TASK GOAL:
Output range, inclusive: from the line containing "Screenshot of the Arounda website homepage" to the line containing "Boho Ranch Shop". Restate those lines from the data below word for word and only those.

DATA:
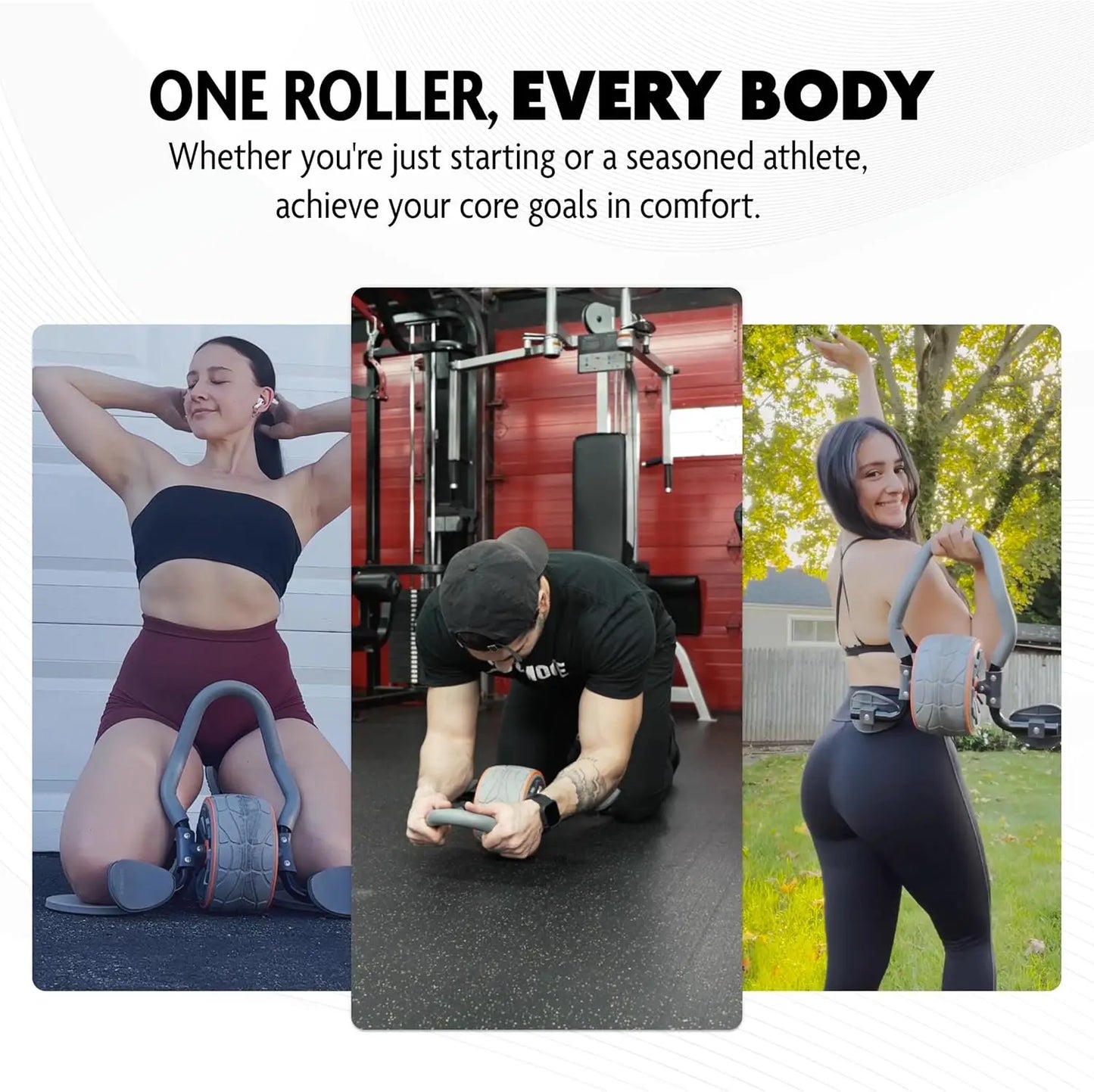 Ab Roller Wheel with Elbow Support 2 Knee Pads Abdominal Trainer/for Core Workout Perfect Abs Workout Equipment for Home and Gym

--

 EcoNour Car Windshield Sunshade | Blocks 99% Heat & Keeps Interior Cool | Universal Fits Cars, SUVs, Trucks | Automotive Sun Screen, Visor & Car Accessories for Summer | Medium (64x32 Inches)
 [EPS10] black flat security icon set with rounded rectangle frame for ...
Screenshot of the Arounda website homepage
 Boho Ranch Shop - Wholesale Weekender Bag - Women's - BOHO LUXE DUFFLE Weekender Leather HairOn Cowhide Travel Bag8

TASK ANSWER:
Screenshot of the Arounda website homepage
 Boho Ranch Shop - Wholesale Weekender Bag - Women's - BOHO LUXE DUFFLE Weekender Leather HairOn Cowhide Travel Bag8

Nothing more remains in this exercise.